House Minority Leader Todd Gilbert, R-Shenandoah, Del. Tim Griffen, R-Bedford, and Del. Bobby Orrock, R-Caroline, return to their seats on the House floor after hearing Democrats were denying their efforts to amend Griffin’s anti-abortion bill. (Graham Moomaw/Virginia Mercury)

In a procedural move designed to put Republicans on the spot over the most extreme anti-abortion proposals emerging from their ranks, Democrats themselves brought a GOP-sponsored bill to the House floor that would have cut off public funding for clinics and hospitals where abortions are performed with no exceptions for rape, incest, severe fetal abnormalities or when the mother’s life is at risk.

The hardball move by Democrats to advance the bill just far enough that all Republicans would have to vote on it comes after a hotly contested 2023 election season that Democrats characterized as a referendum on preserving abortion access in Virginia. Forcing Republicans to go on the record Monday, Democrats said, would help illuminate whether they got the message voters had sent by electing Democratic majorities in both the House and Senate.

After several rounds of parliamentary battle over whether the bill could be scaled back or stricken from the agenda altogether, Republicans were forced to vote on the bill with no changes. The legislation was rejected in a nearly unanimous 95-1-2 vote, with just a few Republicans abstaining or voting no.

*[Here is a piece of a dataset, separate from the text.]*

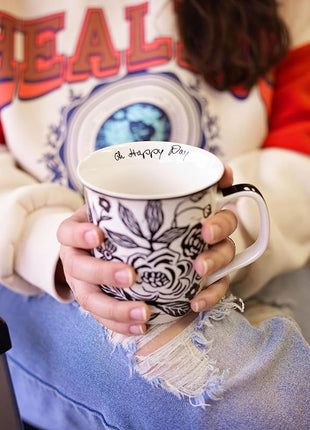 Karma Gifts 14 oz Black and White Boho Mug Celestial - Cute Coffee and Tea Mug - Ceramic Coffee Mugs for Women and Men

Minority Leader Todd Gilbert, R-Shenandoah, tried to amend the bill on the floor and suggested its broad scope was partly a result of the inexperience of Del. Tim Griffin, R-Bedford. But in an unusually testy floor fight, Democrats repeatedly blocked GOP efforts to water down the legislation, saying Republicans should have to own up to the ramifications of Griffin’s original bill.

“If the patron didn’t know what he was doing, maybe he should’ve stayed out of women’s business,” said Del. Candi Mundon King, D-Prince William, who called the bill an attack on potentially thousands of women.

Republicans protested that they were trying to fix the very problems Mundon King was decrying when she called the bill a “slap in the face” to women but were being denied the chance by Democrats more interested in a political stunt.

“I don’t know where the absurdity of this theater ends,” Gilbert said.

The GOP leader attempted to offer a rewritten version of Griffin’s bill that he said would only replicate the longstanding federal Hyde Amendment — which prohibits public funding of abortions with exceptions for rape, incest, and the life of the mother — at the state level.

New House Speaker Don Scott, D-Portsmouth, rejected that effort, saying what Gilbert was trying to do was so different from the original bill that it wasn’t a valid amendment to a bill that would do away with those same exceptions. Republicans then made a rare attempt to override the speaker’s ruling. The Democratic majority blocked that too.

House Speaker Don Scott, D-Portsmouth (top left), huddles with party leaders from both sides to discuss a controversial abortion bill filed by Del. Tim Griffin, R-Bedford (bottom right). (Graham Moomaw/Virginia Mercury)

With the original bill intact, Griffin stood and attempted to argue why the Hyde Amendment exists. Democrats shut down that effort, saying he wasn’t speaking to what his bill actually did.

“The delegate has to speak to the bill,” Scott said. “Not to the bill you wished you had introduced.”

Del. Marcus Simon, D-Fairfax, said it’s not uncommon for lawmakers to have their own bills turned against them.

“It’s happened to me. I’ve had some bad ideas before,” Simon said. “You put those bills in, and anything can happen. And you’ve got to be willing to deal with the consequences.”

Griffin said it wasn’t up to other delegates to “define what my bill is.”

“I believe I can define what my bill is,” Griffin said. “And that’s what I’m doing.”

Griffin then faulted Democrats for turning his bill into a “circus,” saying he supports exceptions for the life of the mother but was never afforded a chance to amend the legislation to reflect that.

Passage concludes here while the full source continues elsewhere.